Intestinal microbiota-derived propionic acid protects zinc oxide nanoparticles-induced lung injury

BACKGROUND: Inhalation zinc oxide fumes results in the development of the clinical syndrome known as metal fume fever, the severe cases of which may develop to diffuse alveolar damage. However, the link between inhaled zinc oxide at nano-size (zinc oxide nanoparticles, ZnONPs)-induced acute lung injury (ALI) and intestinal microbiota remains largely unknown.OBJECTIVE: To investigate the role and mechanism of intestinal microbiota and its metabolites short chain fatty acids (SCFAs) in the pathology of ZnONPs-induced ALI and the therapeutic potential of modulating intestinal microbiota in ZnONPs-induced ALI.METHODS: Intratracheal instillation of ZnONPs was used to establish a ALI mice model; antibiotic cocktail treatment (ABX) and fecal microbiota transplantation (FMT) were used to modulate intestinal microbiota; 16S rRNA sequencing and LC-MS/MS were applied to evaluate the change of intestinal microbiota and SCFAs.RESULTS: Intratracheal instillation of ZnONPs caused macrophage-mediated ALI in mice. ABX-mediated depletion of intestinal microbiota aggravated ZnONPs-induced ALI; in contrast, FMT-mediated restoration of intestinal microbiota exerted opposite effects; ZnONPs inhalation resulted in the perturbation of intestinal flora and consequently the decrease of SCFAs (especial acetate acid or propionate acid) in the plasma; supplementation of sodium propionate, but not sodium acetate, remarkably ameliorated ZnONPs-induced ALI; GPR43 was the major receptor of propionate acid in RAW 264.7 macrophage cell lines.CONCLUSION: We illuminates a novel gut-lung axis mechanism that intestinal microbiota and its-derived metabolite propionate acid plays protective role against ZnONPs-induced ALI through repressing macrophage-mediated inflammation and oxidative stress via GPR43 receptor. FMT and supplementation of propionate acid are potential remedy strategies.
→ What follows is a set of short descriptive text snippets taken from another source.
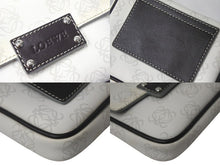 Load image into Gallery viewer, LOEWE ロエベ ハンドバッグ リピート アナグラム 290510 ホワイト ブラウン PVC レザー シルバー金具 美品 中古 4c068487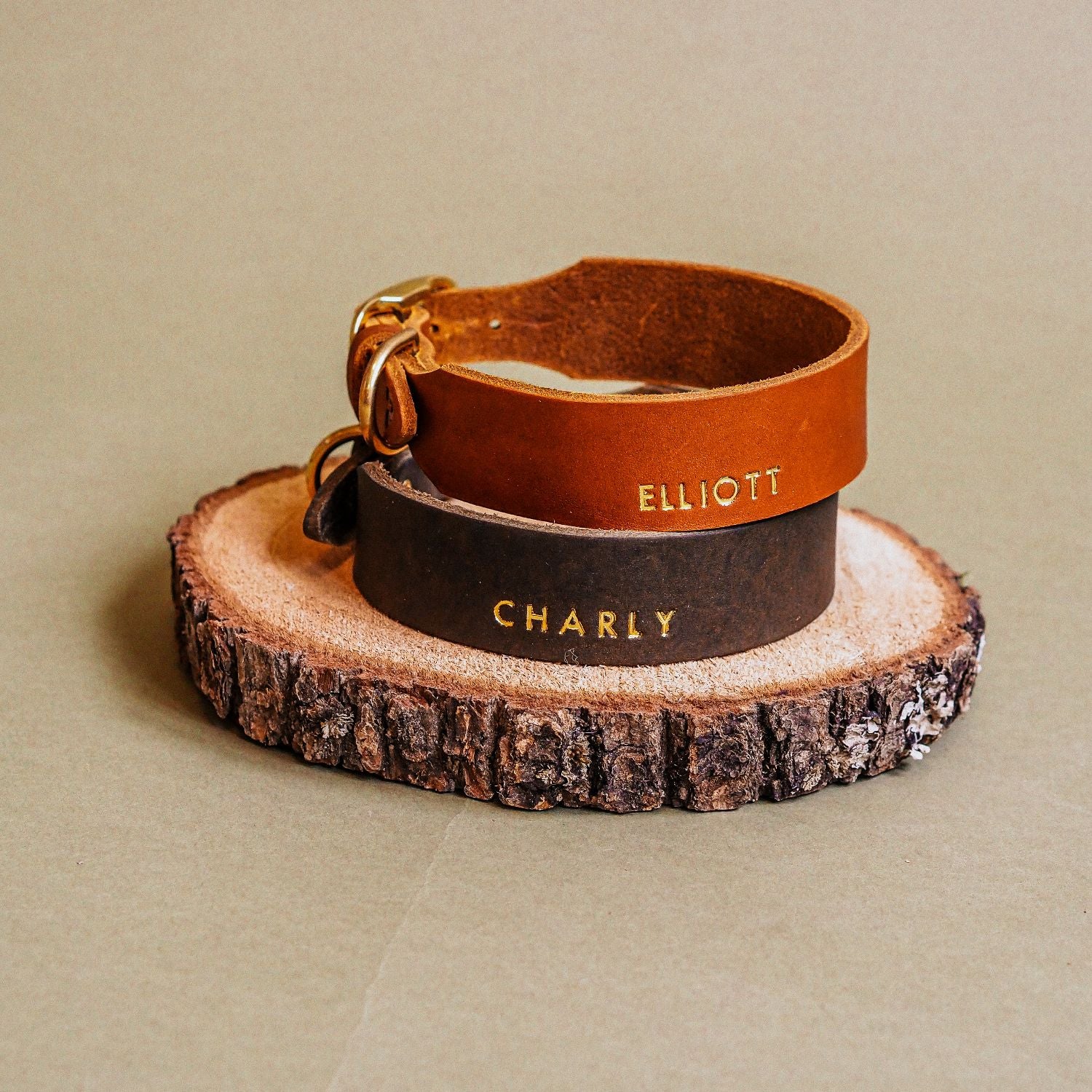 Personalisierbares Lederhalsband  mit Name | Cognac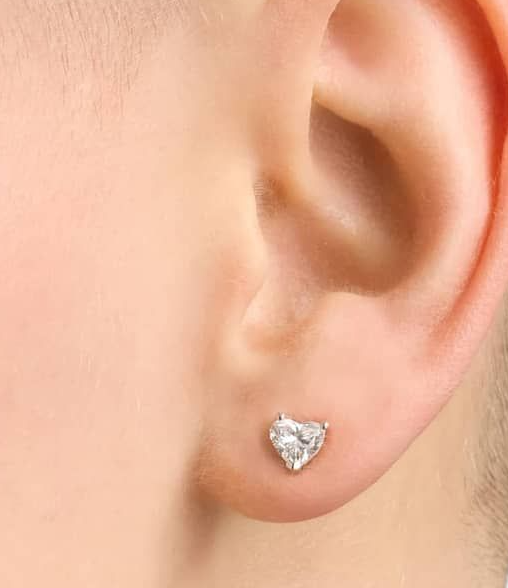 HEART SHAPED DIAMOND STUD EARRINGS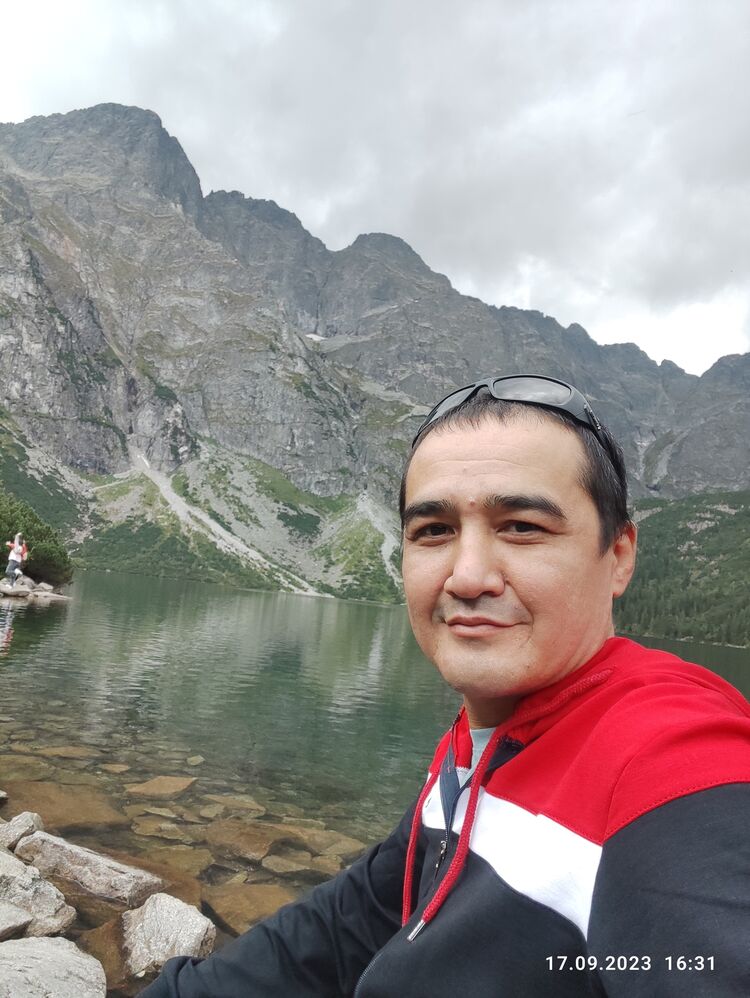  38099345  Hayotbek, 42 ,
研究背景：吸入氧化锌烟雾可诱发金属烟热这一临床综合征，重症患者可进展为弥漫性肺泡损伤。然而，纳米级氧化锌（zinc oxide nanoparticles, ZnONPs）吸入诱导的急性肺损伤（acute lung injury, ALI）与肠道菌群之间的关联，目前仍尚未完全明确。 研究目的：本研究旨在探讨肠道菌群及其代谢产物短链脂肪酸（short chain fatty acids, SCFAs）在ZnONPs诱导的ALI病理进程中的作用与机制，同时评估调控肠道菌群在ZnONPs诱导的ALI中的治疗潜力。 研究方法：本研究通过气管内滴注ZnONPs构建ALI小鼠模型；采用抗生素联合给药（antibiotic cocktail treatment, ABX）与粪便菌群移植（fecal microbiota transplantation, FMT）两种方式调控肠道菌群；利用16S rRNA测序与液相色谱-串联质谱（LC-MS/MS）技术，分别检测肠道菌群与SCFAs的变化。 研究结果：气管内滴注ZnONPs可诱导小鼠发生巨噬细胞介导的ALI。ABX介导的肠道菌群耗竭会加重ZnONPs诱导的ALI；与之相反，FMT介导的肠道菌群重建则可发挥相反的保护作用。吸入ZnONPs可引发肠道菌群紊乱，进而导致血浆中SCFAs（尤其是乙酸与丙酸）水平下降。补充丙酸钠而非乙酸钠，可显著缓解ZnONPs诱导的ALI；在RAW 264.7巨噬细胞系中，GPR43是丙酸的主要受体。 研究结论：本研究揭示了一种全新的肠-肺轴机制：肠道菌群及其代谢产物丙酸可通过GPR43受体抑制巨噬细胞介导的炎症反应与氧化应激，从而对ZnONPs诱导的ALI发挥保护作用。粪便菌群移植与丙酸补充疗法均为潜在的治疗策略。